Fourth grader Bob McCullough, a pre-teen gang member of the Politicians, was raiding places at lunchtime, getting in fights every day and got arrested. His Saint Phillips Community Center (aka St. C) basketball coach, Holcombe Rucker, went to the 32nd Precinct…“Hey Ruck, what you doing here?” young McCullough inquired. “Checking up on knuckle heads like you!”
McCullough started doing his homework, became St.

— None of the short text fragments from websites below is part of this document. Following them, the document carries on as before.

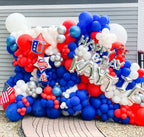 Voircoloria 130pcs Red White Blue Balloons Set – 5/10/12/18in Party Decor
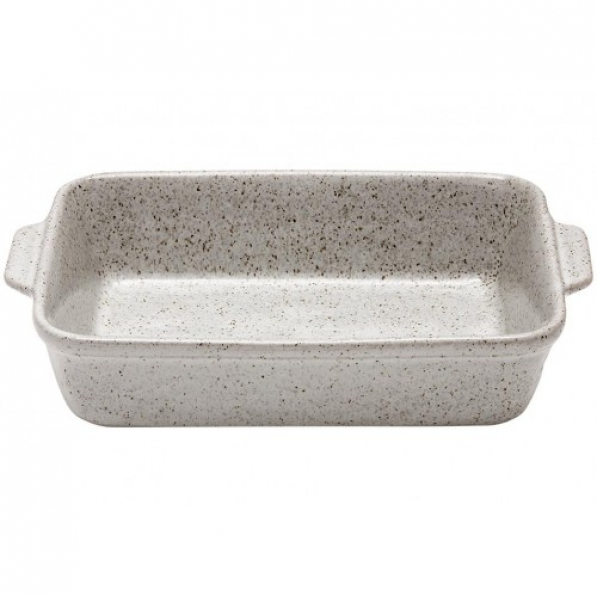 LADELLE Artisan Baking Dish 23,5 x 14,5 cm szare - naczynie żaroodporne do zapiekania kamionkowe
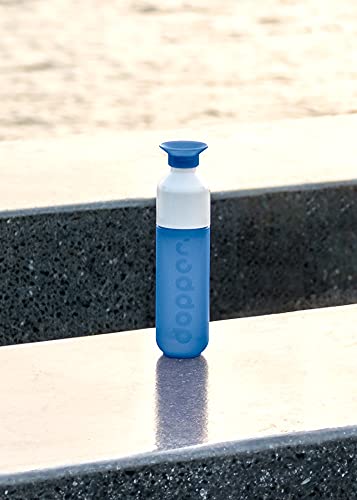 Preserve Dopper Water Bottle - BPA Free, Promotes Tap Water, Dishwasher Safe - 15.25oz, Pacific Blue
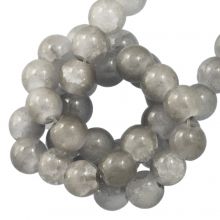 Perles en Verre Craquelé (6 mm) Light Steel Blue (140 pièces)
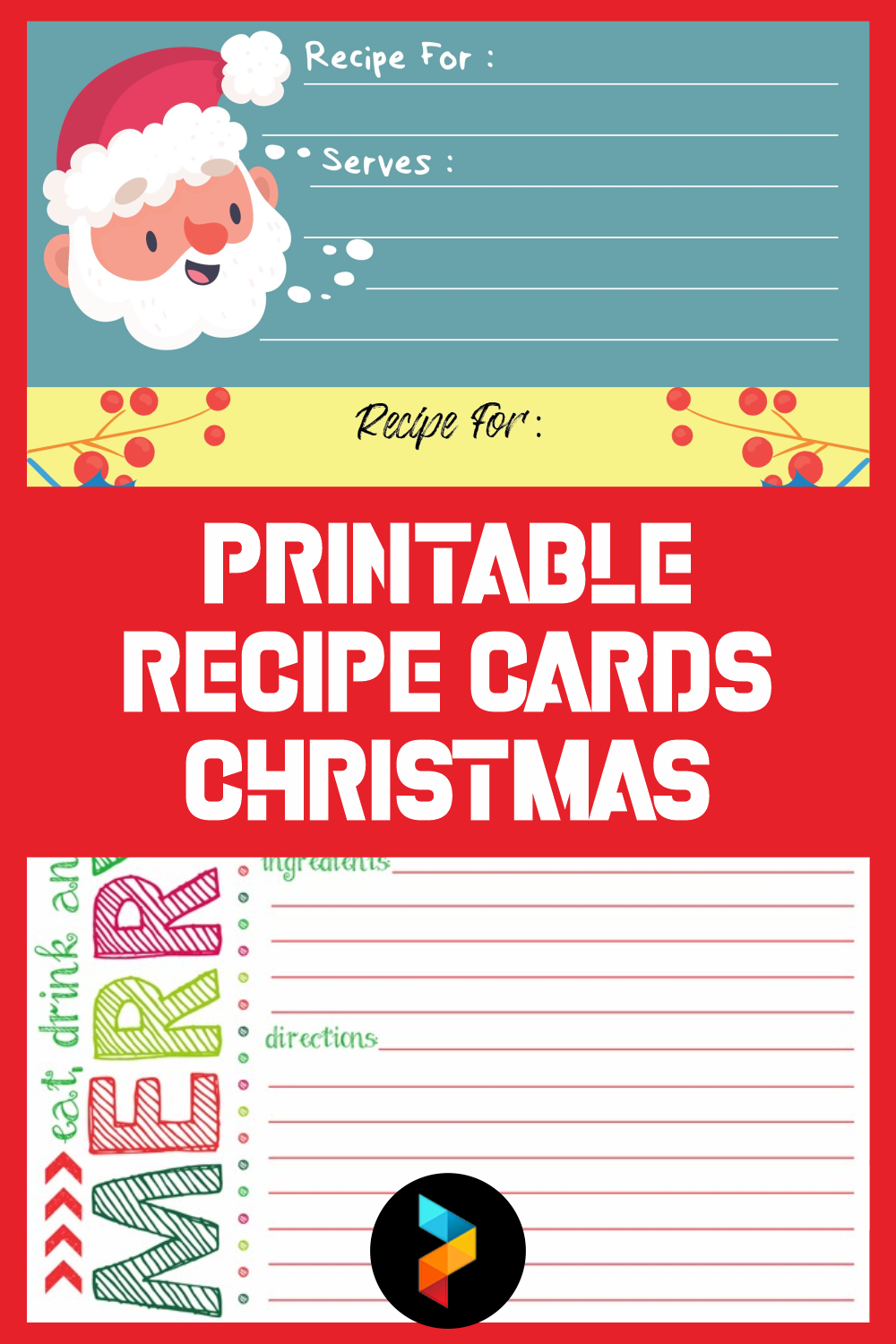 Recipe Cards Christmas - 6 Free PDF Printables | Printablee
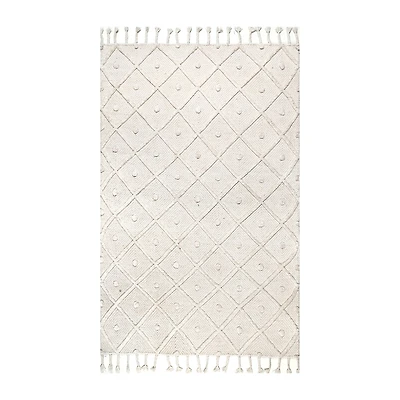 nuLoom Jinny Trellis Tassel Loomed Rug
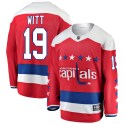 Fanatics Branded Washington Capitals Youth Brendan Witt Breakaway Red Alternate NHL Jersey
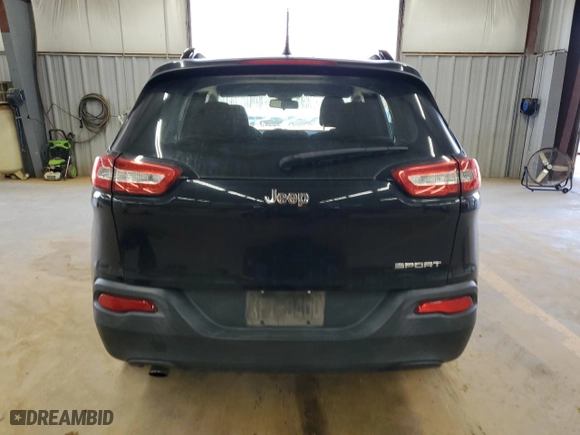 2015 Jeep Cherokee Sport with VIN 1C4PJLAB5FW660702, listed as a Copart auction lot 50629715 with 121,246 mi miles and Salvage Title. Bid and sale history available at carsss.com. Image 6.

C’s top scorer, and in 1965 was the second leading scorer in the nation (right behind future Hall of Famer Rick Barry) with 36.4 ppg while at Benedict College. “Rucker changed my life,” McCullough says.
In his years as an educator, coach and community activist, Holcombe Rucker helped hundreds of other Harlem youth get into better schools, using basketball as a tool for social change. Rucker’s most lasting legacy though was to invent the idea in 1946 of producing an outdoor youth league during the summer.
Believe it or not, one had never before existed—anywhere in the world.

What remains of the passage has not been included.